╔══
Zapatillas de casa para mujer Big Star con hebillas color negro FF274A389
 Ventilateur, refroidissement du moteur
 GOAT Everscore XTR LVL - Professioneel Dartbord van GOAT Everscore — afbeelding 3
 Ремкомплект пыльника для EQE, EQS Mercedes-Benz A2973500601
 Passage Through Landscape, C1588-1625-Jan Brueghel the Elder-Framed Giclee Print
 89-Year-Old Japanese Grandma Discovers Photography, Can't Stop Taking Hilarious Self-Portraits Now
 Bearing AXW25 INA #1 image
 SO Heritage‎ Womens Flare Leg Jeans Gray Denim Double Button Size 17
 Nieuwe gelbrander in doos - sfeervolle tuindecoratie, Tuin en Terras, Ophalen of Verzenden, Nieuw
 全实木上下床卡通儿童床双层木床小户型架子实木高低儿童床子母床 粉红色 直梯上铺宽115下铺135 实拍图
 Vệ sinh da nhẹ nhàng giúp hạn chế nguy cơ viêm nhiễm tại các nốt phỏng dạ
╚══
## Instructions for the task
What is needed is an exact copy of the lines above, from the one containing "89-Year-Old Japanese Grandma" through the one containing "Nieuwe gelbrander in", with nothing added.

## Solution for this task
 89-Year-Old Japanese Grandma Discovers Photography, Can't Stop Taking Hilarious Self-Portraits Now
 Bearing AXW25 INA #1 image
 SO Heritage‎ Womens Flare Leg Jeans Gray Denim Double Button Size 17
 Nieuwe gelbrander in doos - sfeervolle tuindecoratie, Tuin en Terras, Ophalen of Verzenden, Nieuw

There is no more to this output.